What the exercise asks: The listing below is to be duplicated exactly, with every picture omitted.

Data extract:
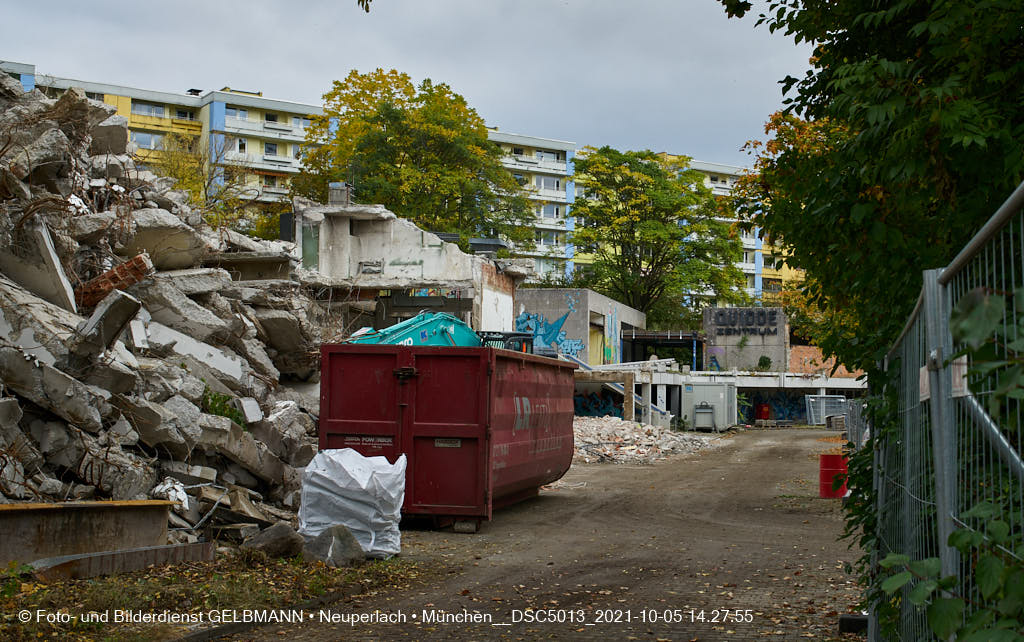 05.10.2021 - Abrissarbeiten am Quiddezentrum in Neuperlach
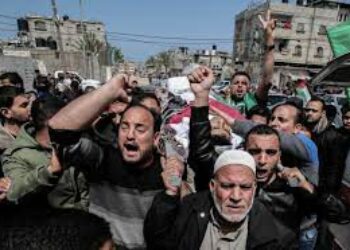 Dos manifestantes palestinos muertos por bala israelí en Gaza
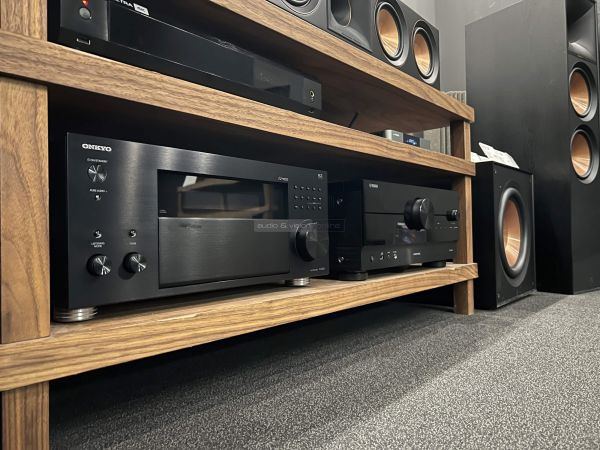Onkyo TX-RZ50 házimozi erősítő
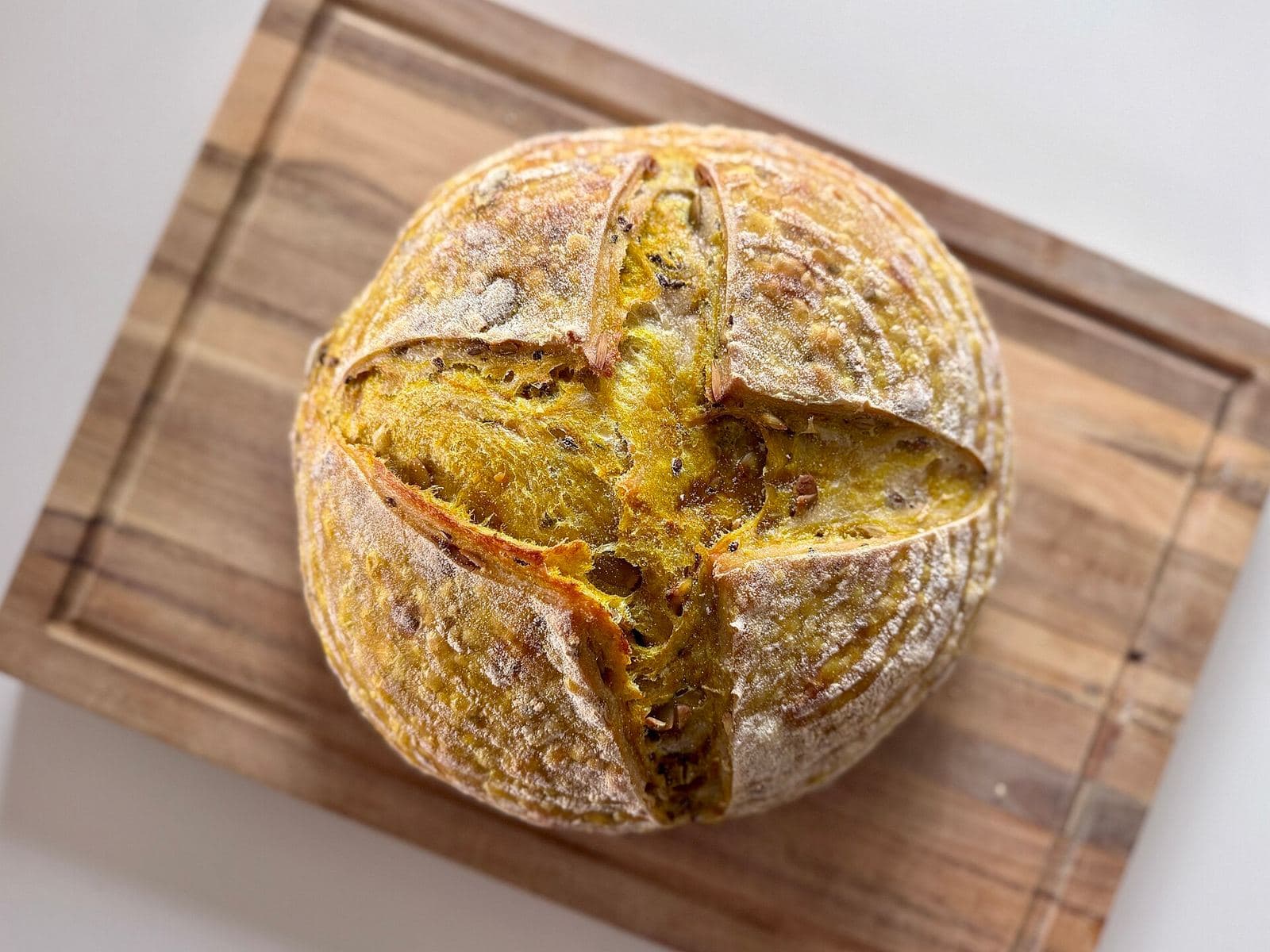 Kváskový chlieb a maslové croissanty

Response:
 05.10.2021 - Abrissarbeiten am Quiddezentrum in Neuperlach
 Dos manifestantes palestinos muertos por bala israelí en Gaza
Onkyo TX-RZ50 házimozi erősítő
 Kváskový chlieb a maslové croissanty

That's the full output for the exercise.